OpenXLA Project

Roofline Analysis Tool

The Roofline Analysis tool offers an intuitive visual performance model that you can use to understand the inherent hardware limitations impacting your program’s performance. Specifically, it focuses on whether the program is memory-bound or compute-bound, and how close the program's performance is to the hardware's theoretical peak performance, represented as a "roofline".

Supported Platforms

TPU: Supported

GPU: Supported (in beta)

What is the Roofline Chart

The roofline chart visualizes the relationship between operational intensity (FLOPS per byte accessed) and achieved FLOPS per second.

\[ Roofline = min(Operational Intensity \times Peak Memory Bandwidth, Peak FLOPS) \]

The "roof" shape is formed by the lower of the peak FLOPS and the performance achievable given the memory bandwidth and operational intensity.
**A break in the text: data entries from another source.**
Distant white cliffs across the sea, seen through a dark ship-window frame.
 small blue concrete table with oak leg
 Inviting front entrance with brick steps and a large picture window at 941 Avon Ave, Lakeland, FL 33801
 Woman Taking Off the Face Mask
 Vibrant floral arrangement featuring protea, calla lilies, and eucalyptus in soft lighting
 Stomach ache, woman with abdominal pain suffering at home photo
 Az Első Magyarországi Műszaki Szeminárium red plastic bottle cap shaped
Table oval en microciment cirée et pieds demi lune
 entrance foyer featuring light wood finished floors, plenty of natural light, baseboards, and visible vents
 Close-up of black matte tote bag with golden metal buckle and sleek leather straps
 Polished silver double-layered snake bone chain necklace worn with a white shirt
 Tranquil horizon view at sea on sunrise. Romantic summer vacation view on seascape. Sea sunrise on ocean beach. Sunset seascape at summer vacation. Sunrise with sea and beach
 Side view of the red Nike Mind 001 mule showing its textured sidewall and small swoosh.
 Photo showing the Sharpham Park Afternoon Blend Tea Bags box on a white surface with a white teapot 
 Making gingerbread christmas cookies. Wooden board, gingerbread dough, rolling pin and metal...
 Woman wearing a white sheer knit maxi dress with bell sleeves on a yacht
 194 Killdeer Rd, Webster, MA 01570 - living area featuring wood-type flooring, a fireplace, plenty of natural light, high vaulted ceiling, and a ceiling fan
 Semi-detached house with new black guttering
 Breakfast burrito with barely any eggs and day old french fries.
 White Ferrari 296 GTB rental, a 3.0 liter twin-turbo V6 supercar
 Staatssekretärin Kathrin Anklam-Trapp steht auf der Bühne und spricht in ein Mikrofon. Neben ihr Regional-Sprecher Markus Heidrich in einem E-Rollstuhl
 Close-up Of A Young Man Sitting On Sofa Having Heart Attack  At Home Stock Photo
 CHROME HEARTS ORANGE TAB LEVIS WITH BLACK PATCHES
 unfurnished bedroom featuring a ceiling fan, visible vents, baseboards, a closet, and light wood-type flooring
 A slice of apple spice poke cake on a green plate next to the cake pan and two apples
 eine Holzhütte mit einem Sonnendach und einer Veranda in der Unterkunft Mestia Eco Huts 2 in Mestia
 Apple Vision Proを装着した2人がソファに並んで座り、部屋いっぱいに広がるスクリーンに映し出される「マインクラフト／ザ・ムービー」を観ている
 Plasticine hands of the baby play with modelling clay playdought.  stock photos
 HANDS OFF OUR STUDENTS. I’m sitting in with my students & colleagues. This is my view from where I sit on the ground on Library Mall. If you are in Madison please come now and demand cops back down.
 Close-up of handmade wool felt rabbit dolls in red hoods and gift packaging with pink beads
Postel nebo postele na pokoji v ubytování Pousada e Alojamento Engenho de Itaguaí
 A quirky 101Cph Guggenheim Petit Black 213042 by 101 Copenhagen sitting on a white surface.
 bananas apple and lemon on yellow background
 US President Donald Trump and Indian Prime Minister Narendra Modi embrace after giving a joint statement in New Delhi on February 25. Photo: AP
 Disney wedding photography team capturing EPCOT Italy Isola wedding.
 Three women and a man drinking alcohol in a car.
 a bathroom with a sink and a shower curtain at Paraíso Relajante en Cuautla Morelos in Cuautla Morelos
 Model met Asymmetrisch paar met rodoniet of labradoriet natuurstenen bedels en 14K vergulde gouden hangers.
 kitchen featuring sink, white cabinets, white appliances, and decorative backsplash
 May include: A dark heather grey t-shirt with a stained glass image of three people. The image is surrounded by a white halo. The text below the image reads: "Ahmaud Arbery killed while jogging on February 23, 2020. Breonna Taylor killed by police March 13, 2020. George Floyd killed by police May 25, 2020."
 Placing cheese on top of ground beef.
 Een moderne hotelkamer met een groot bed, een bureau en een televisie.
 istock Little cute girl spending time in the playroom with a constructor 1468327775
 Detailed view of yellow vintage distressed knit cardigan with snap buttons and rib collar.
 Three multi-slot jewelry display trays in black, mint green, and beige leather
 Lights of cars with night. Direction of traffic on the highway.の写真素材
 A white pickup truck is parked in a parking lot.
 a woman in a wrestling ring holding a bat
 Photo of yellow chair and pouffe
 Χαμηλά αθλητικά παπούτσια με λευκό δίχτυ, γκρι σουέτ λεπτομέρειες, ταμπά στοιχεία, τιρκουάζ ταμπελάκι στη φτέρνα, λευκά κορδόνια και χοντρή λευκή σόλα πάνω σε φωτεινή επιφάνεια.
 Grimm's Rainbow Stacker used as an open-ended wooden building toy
The ridge point indicates the minimum operational intensity required to achieve peak FLOPS.

You can learn more about roofline models in Roofline: An Insightful Visual Performance Model for Floating-Point Programs and Multicore Architectures, or in the Roofline model topic on Wikipedia.

Interpreting the Roofline Chart

By plotting the operational intensity and achieved FLOPS for different steps, parts of the program, or individual HLO operations on the roofline chart, you can gain insights into performance bottlenecks:

If a data point lies on the slanted part of the roofline, the performance is likely limited by memory bandwidth (memory-bound). Increasing the operational intensity (performing more computation per byte of data accessed) could potentially improve performance.
If a data point lies on the flat part of the roofline, the performance is likely limited by the compute capability (compute-bound). In this case, further increasing operational intensity may not lead to significant performance gains unless the peak FLOPS of the hardware can be better utilized.
The distance of a data point from the roofline indicates the potential for performance improvement. A larger distance suggests that there are opportunities to optimize the program to better utilize the hardware's capabilities.

Interface Components

The Roofline Analysis tool interface has several key components:

A Device Information section describes the hardware specs; these are used to statically draw the “roofline(s)” on the chart
A program-level roofline chart with data points corresponding to the following:
- The total profile duration.
- The total profile duration, but with FLOPS/s data derived from hardware performance counters rather than the default cost models computed by the XLA compiler.
- An average of the complete steps that executed during the profile duration (for training jobs; you may ignore the step terminology for inference jobs).
- Each complete step that executed during the profile duration (for training jobs; you may ignore the step terminology for inference jobs).
The roofline chart also has the following features:
- You may choose to include or exclude infeed/outfeed ops using the provided drop-down.
- Hovering over any of the data points in the chart brings up additional pertinent information such as bandwidth numbers for different memories, total time spent, etc.
A program-level statistics table that provides additional details for each data point, such as the max memory utilization %, peak FLOP rate %, etc.
A second roofline chart that provides more granular information, with data points plotted for the top-1000 most time-consuming ops during the profiling period:
- As with the program-level roofline chart, hovering over each data point brings up additional information about that op.
- You can customize the data points shown on the chart in the following ways:
  - Including/excluding infeed and outfeed ops via a drop-down.
  - Filtering for specific categories of operations.
  - Filtering for ops bound by a certain resource.
  - Filtering for a specific named operation.
A second statistics table, similar to the program-level table, providing additional details for each data point.

Across all the sections described above, the following memories are supported:

For TPUs: HBM, VMEM, CMEM (TPU v4 only).
For GPUs: HBM, L1/SharedMem.
The corresponding lines in the chart only appear if there were any ops within the profile duration that were bound by that memory. For example, if all ops are either HBM or compute bound, you will not see lines for VMEM or CMEM.